L’auteur explique à son correspondant quelle est la vraie noblesse des chrétiens : « Les chrétiens, dit-il, ne se distinguent des autres hommes ni par le pays, ni par le langage, ni par les vêtements. Ils n’habitent pas des villes qui leur soient propres, ils ne se servent pas de quelque dialecte extraordinaire, leur genre de vie n’a rien de singulier. Ce n’est pas à l’imagination ou aux rêveries d’esprits agités que leur doctrine doit sa découverte ; ils ne se font pas, comme tant d’autres, les champions d’une doctrine humaine. Ils se répartissent dans les cités grecques et barbares suivant le lot échu à chacun ; ils se conforment aux usages locaux pour les vêtements, la nourriture et la manière de vivre, tout en manifestant les lois extraordinaires et vraiment paradoxales de leur république spirituelle ».
D’entrée de jeu, voici établi le paradoxe chrétien : bons citoyens parmi d’autres, ils appartiennent à une autre cité, invisible et mystérieuse, ayant son régime et ses lois propres.
Déjà saint Paul disait aux Éphésiens : «Vous n’êtes plus des étrangers et des voyageurs mais les concitoyens des saints et les hommes de la maison de Dieu» (Éph. II, 19).

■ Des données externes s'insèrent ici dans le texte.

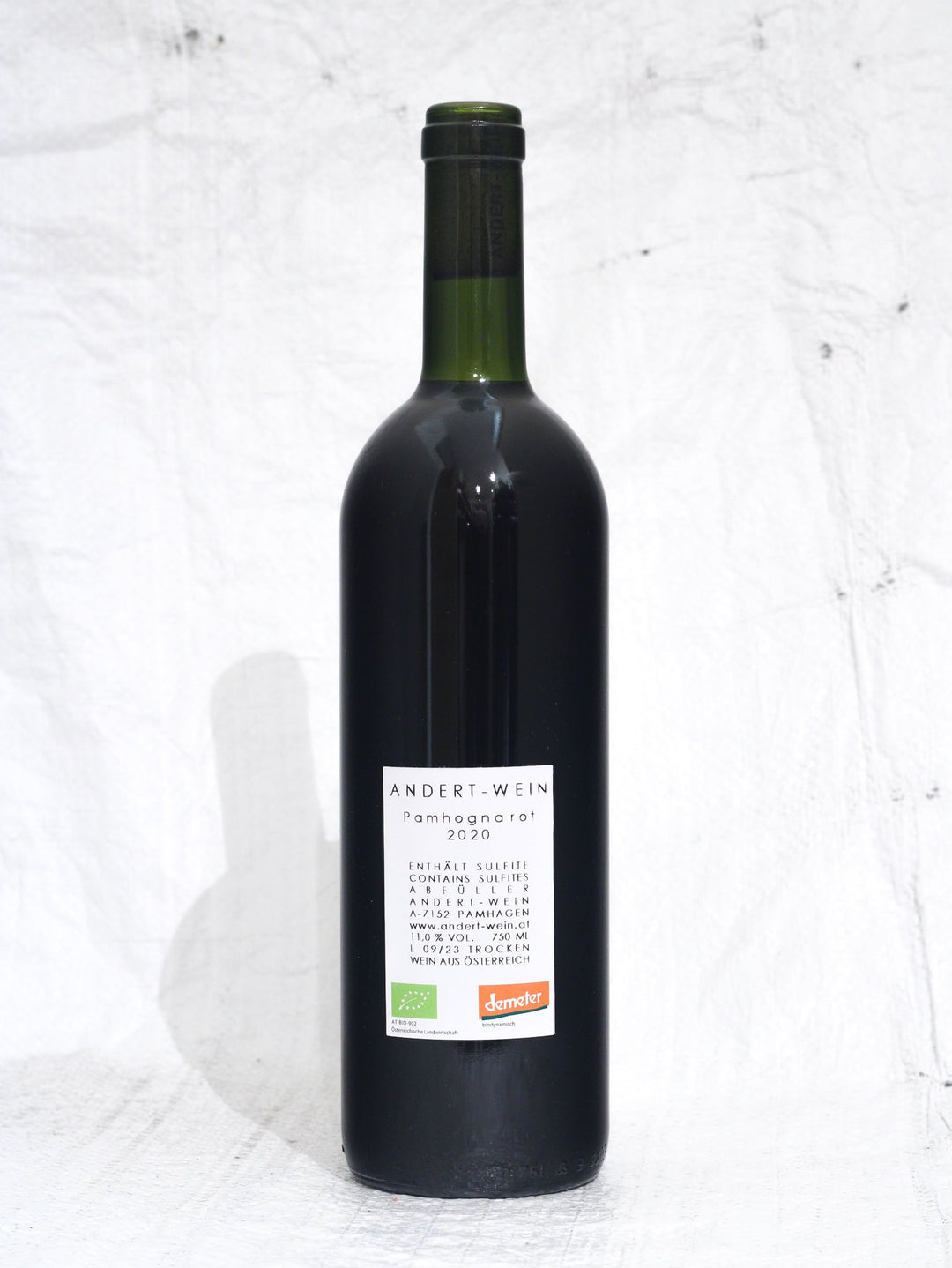 Pamhogna Rot 2020 0,75L Bio Wein von Michael & Erich Andert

L’auteur de la lettre à Diognète poursuit : «Ils résident chacun dans sa propre patrie, mais comme des étrangers domiciliés. Ils participent à tout comme des citoyens et supportent tout comme des étrangers. Toute terre étrangère leur est une patrie et toute patrie une terre étrangère. Ils se marient comme tout le monde, ils ont des enfants, mais ils n’abandonnent pas leurs nouveau-nés. Ils partagent tous la même table mais non la même couche. Ils sont dans la chair mais ne vivent pas selon la chair. Ils passent leur vie sur la terre mais sont citoyens du ciel. Ils obéissent aux lois établies et leur manière de vivre l’emporte en perfection sur les lois. Ils sont dans la chair, mais ils ne vivent pas selon la chair. Ils passent leur vie sur la terre, mais ils sont citoyens du ciel. Ils obéissent aux lois établies, et leur manière de vivre est plus parfaite que les lois. Ils aiment tout le monde, et tout le monde les persécute. On ne les connaît pas, mais on les condamne ; on les tue et c’est ainsi qu’ils trouvent la vie. Ils sont pauvres et font beaucoup de riches. Ils manquent de tout et ils tout en abondance. On les méprise et, dans ce mépris, ils trouvent leur gloire. On les calomnie, et ils y trouvent leur justification. On les insulte, et ils bénissent. On les outrage, et ils honorent. Alors qu’ils font le bien, on les punit comme des malfaiteurs. Tandis qu’on les châtie, ils se réjouissent comme s’ils naissaient à la vie. Les Juifs leur font la guerre comme à des étrangers, et les Grecs les persécutent ; ceux qui les détestent ne peuvent pas dire la cause de leur hostilité. En un mot, ce que l’âme est dans le corps, les chrétiens le sont dans le monde. L’âme est répandue dans tous les membres du corps comme les chrétiens dans les cités du monde. L’âme habite dans le corps et pourtant elle n’est pas du corps, comme les chrétiens habitent dans le monde mais ne sont pas du monde […] L’âme est enfermée dans le corps : c’est elle pourtant qui maintient le corps ; les chrétiens sont comme détenus dans la prison du monde : ce sont eux pourtant qui maintiennent le monde. L’âme immortelle campe dans une tente mortelle: ainsi les chrétiens campent-ils dans le monde corruptible, en attendant l’incorruptibilité du ciel. L’âme devient meilleure en se mortifiant par la faim et la soif; et les chrétiens, persécutés, se multiplient de jour en jour. Le poste que Dieu leur a fixé est si beau qu’il ne leur est pas permis de le déserter » (A Diognète, V-VI).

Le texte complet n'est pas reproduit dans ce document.